EXERCISE DESCRIPTION: The response should consist only of the lines from the one with "Football banner" to the end of the data below, copied exactly and without pictures.

SOURCE RECORDS Start Marker

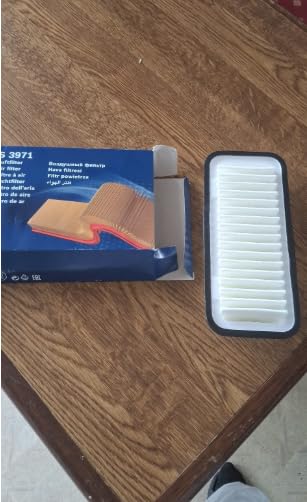 Bosch Filtri 1457433971 filtro aria motore inserto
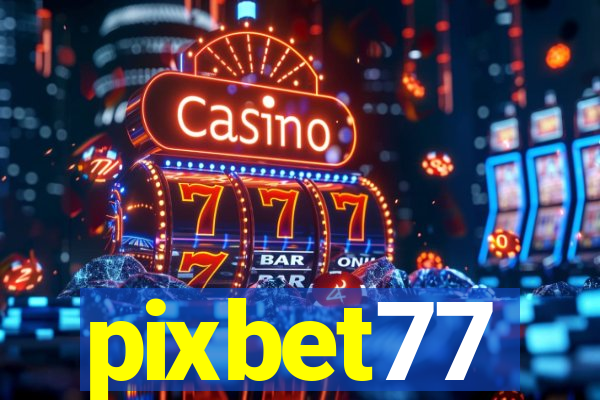 pixbet77
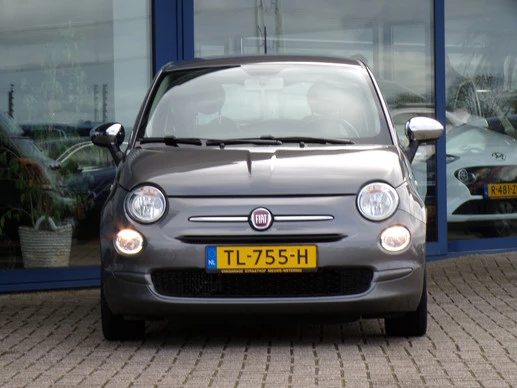 Fiat 500 - Afbeelding 2 van 18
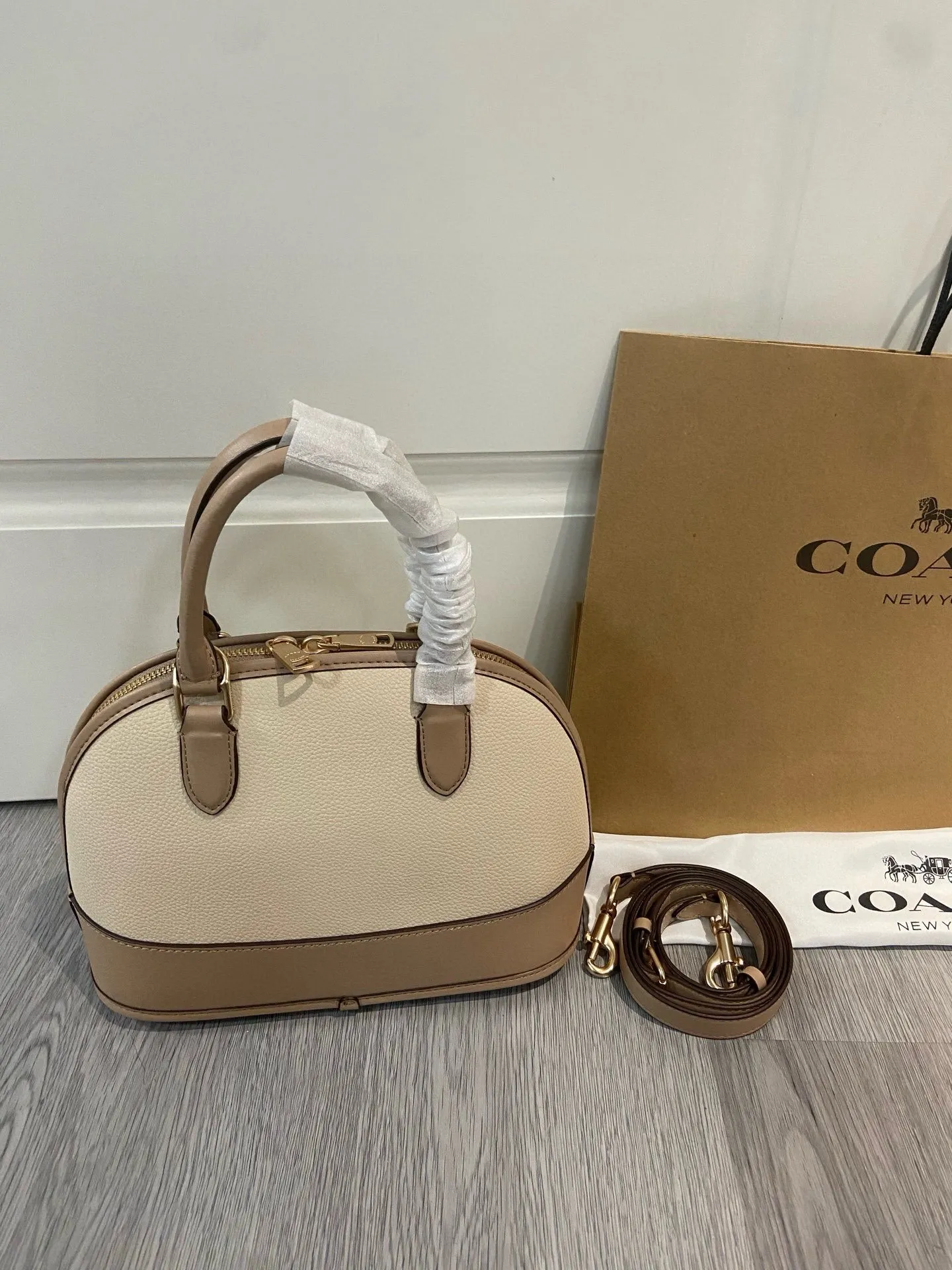 All Categories Coach Women's Bags (COACH) Coach cAS19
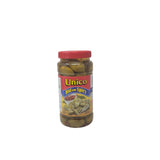 Unico Hot & Spicy Olive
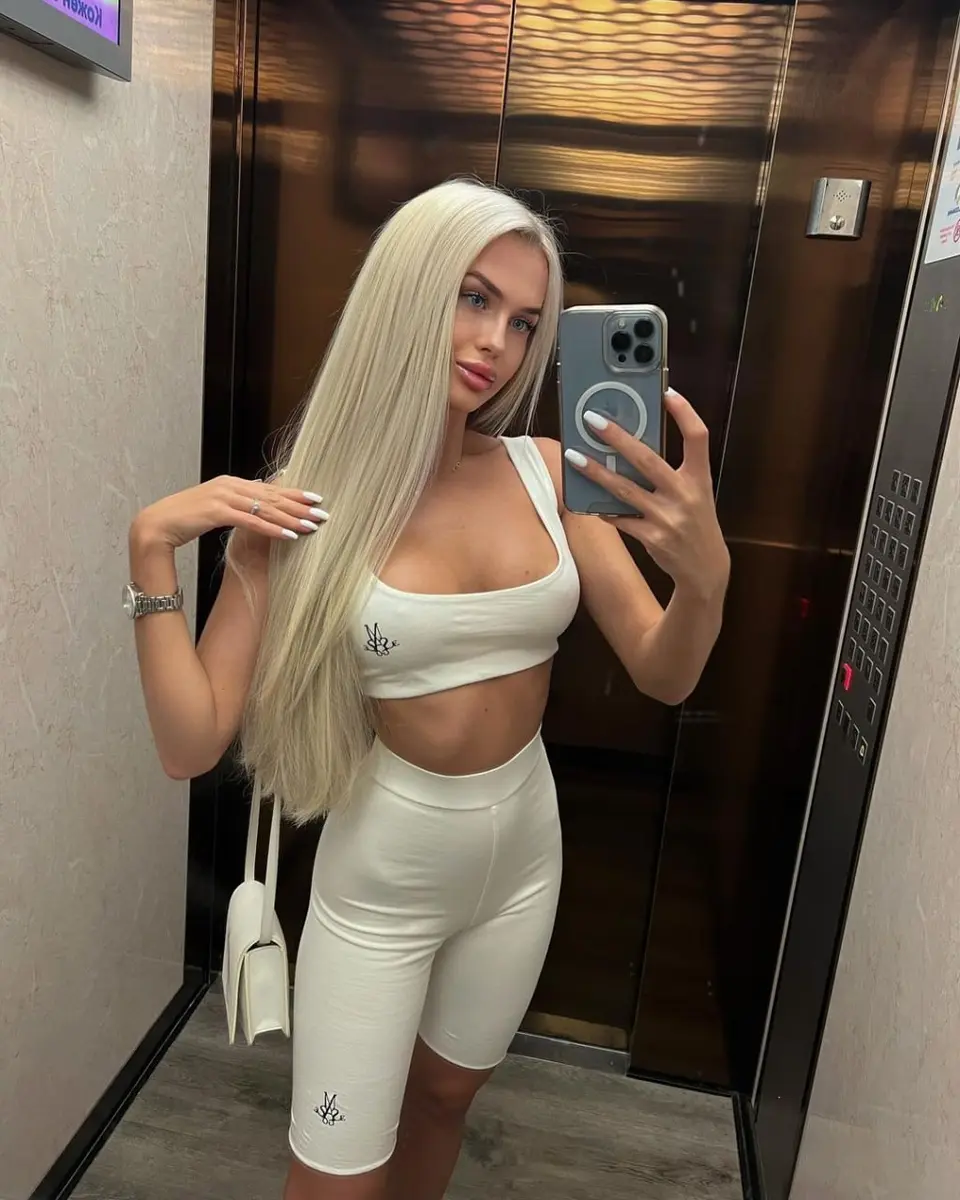Eleni escort in Phuket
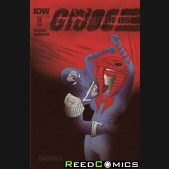 Transformers vs GI Joe #12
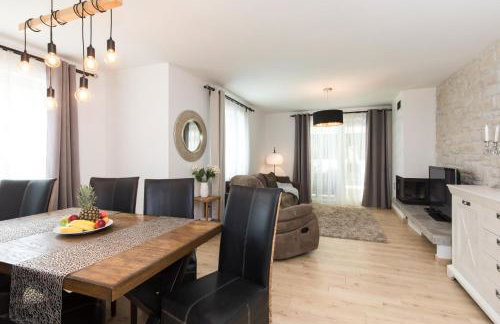 Casa Maya Deluxe Appartment with a pool - Photo 39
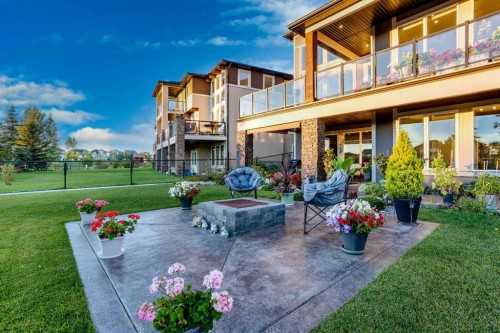 160 Kinniburgh Loop, Chestermere, AB 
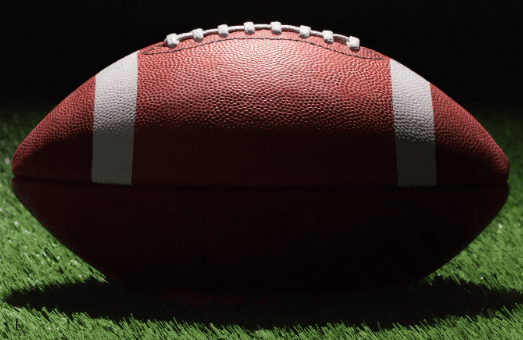 Football banner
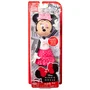 Disney Minnie Mouse Poupée Parfaitement rose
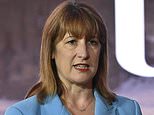 Reeves tax raid sends prices rising at the fastest pace for more than a year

SOURCE RECORDS End Marker

OUTPUT FOR THIS EXERCISE:
 Football banner
 Disney Minnie Mouse Poupée Parfaitement rose
 Reeves tax raid sends prices rising at the fastest pace for more than a year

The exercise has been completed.